**What is expected:**
Go through the records line by line from the top and repeat each one exactly, ending with the line that contains "Size 5 Toddler Girl Nike Shoes".
==== Provided information ====
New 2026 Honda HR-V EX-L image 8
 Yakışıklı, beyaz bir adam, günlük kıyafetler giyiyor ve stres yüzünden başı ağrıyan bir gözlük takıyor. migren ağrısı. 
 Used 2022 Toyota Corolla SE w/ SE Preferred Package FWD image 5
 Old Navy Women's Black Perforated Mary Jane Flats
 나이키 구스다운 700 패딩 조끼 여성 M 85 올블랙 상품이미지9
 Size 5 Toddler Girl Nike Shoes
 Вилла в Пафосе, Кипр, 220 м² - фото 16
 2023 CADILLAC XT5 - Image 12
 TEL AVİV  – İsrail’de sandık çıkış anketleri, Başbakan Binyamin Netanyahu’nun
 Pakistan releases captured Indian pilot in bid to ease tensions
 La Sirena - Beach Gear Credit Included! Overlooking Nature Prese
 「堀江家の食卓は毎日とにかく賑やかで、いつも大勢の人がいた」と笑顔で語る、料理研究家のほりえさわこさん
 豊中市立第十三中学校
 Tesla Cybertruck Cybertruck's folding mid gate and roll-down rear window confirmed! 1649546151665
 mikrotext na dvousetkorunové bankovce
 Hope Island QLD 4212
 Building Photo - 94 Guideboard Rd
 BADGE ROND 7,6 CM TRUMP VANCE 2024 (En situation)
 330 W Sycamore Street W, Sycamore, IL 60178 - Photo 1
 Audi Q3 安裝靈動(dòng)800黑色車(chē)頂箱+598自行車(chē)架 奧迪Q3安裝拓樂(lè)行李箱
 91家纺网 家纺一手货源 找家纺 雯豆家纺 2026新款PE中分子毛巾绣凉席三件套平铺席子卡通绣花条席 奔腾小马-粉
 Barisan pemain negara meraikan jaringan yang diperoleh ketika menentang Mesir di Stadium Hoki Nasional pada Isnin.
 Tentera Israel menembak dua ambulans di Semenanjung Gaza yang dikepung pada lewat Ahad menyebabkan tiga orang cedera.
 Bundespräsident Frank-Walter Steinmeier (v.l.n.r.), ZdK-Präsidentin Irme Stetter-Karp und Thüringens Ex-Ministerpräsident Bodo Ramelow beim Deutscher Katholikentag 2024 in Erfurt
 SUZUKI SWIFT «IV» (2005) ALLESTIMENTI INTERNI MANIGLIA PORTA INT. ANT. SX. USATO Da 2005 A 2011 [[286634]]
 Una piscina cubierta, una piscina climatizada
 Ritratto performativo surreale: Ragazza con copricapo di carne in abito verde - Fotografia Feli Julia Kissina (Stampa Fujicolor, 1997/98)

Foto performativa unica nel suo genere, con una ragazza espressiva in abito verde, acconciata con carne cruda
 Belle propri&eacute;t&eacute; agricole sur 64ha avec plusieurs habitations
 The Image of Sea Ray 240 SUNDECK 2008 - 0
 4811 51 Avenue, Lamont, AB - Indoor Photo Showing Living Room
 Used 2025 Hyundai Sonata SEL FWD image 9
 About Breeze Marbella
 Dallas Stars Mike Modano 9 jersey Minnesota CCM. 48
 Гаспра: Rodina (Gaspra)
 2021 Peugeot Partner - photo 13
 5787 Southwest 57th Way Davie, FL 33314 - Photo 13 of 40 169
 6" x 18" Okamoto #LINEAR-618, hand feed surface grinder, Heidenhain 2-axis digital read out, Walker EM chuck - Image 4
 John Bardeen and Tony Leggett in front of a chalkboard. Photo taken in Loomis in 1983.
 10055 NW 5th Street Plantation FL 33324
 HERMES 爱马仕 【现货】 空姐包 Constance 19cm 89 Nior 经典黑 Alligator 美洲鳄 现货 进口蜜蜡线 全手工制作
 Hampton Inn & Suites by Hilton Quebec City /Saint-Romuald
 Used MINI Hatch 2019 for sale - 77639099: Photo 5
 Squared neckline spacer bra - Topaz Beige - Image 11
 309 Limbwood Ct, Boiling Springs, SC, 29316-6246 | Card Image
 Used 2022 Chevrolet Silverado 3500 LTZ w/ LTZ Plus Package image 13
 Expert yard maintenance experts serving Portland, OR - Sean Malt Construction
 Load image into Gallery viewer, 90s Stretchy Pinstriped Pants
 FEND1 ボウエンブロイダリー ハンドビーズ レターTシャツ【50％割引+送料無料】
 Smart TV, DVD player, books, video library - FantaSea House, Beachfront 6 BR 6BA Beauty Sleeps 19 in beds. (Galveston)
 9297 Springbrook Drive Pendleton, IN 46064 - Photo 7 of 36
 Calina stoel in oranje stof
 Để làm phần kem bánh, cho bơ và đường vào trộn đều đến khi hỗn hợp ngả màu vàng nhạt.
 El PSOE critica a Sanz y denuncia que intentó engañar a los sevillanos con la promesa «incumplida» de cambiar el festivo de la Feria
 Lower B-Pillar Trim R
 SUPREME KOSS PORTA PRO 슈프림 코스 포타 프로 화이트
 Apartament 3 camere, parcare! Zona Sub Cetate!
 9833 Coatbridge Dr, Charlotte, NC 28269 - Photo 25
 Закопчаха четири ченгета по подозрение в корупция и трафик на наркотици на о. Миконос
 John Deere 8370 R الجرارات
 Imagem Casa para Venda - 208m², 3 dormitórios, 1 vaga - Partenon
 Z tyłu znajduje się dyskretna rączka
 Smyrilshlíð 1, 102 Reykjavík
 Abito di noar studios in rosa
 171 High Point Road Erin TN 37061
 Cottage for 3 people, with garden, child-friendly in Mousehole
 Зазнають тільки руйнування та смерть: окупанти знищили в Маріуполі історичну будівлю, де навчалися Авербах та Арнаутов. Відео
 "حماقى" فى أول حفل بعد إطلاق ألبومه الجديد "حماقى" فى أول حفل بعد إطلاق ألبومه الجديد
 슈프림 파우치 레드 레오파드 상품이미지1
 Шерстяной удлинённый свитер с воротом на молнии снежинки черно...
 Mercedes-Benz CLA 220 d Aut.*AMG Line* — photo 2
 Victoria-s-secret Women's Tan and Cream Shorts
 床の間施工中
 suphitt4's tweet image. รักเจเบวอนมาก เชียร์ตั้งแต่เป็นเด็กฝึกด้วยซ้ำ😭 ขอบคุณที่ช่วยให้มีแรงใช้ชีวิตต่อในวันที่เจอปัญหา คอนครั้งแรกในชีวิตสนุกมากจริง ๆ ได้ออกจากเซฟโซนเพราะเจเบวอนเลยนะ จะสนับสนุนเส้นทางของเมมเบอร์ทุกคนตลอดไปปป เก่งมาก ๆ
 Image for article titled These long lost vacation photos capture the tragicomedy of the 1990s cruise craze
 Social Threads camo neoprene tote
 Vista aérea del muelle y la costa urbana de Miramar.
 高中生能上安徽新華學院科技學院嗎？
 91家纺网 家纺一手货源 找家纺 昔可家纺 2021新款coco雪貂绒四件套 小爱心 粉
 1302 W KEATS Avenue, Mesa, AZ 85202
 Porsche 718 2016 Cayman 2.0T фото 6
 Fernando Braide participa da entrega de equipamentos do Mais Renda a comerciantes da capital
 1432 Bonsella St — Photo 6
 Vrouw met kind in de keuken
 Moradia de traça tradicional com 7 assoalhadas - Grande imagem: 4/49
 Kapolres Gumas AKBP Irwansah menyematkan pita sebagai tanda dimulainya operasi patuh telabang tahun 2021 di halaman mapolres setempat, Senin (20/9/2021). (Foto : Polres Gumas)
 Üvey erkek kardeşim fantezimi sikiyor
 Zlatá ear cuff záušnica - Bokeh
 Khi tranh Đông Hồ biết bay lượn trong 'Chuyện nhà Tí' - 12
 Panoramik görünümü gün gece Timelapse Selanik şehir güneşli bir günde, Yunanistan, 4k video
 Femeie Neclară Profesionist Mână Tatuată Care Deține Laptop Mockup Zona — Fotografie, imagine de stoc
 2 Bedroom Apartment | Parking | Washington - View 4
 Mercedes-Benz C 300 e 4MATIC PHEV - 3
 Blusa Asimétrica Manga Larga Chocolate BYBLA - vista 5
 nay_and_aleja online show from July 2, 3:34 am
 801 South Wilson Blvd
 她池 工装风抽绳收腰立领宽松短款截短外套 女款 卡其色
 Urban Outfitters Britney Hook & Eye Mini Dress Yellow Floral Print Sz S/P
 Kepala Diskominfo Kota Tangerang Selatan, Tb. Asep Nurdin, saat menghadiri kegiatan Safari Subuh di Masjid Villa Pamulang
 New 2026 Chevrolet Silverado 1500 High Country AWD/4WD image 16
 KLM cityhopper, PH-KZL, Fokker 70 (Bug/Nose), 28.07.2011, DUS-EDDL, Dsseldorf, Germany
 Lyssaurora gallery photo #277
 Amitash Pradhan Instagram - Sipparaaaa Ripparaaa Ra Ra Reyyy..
====
**Completed exercise:**
New 2026 Honda HR-V EX-L image 8
 Yakışıklı, beyaz bir adam, günlük kıyafetler giyiyor ve stres yüzünden başı ağrıyan bir gözlük takıyor. migren ağrısı. 
 Used 2022 Toyota Corolla SE w/ SE Preferred Package FWD image 5
 Old Navy Women's Black Perforated Mary Jane Flats
 나이키 구스다운 700 패딩 조끼 여성 M 85 올블랙 상품이미지9
 Size 5 Toddler Girl Nike Shoes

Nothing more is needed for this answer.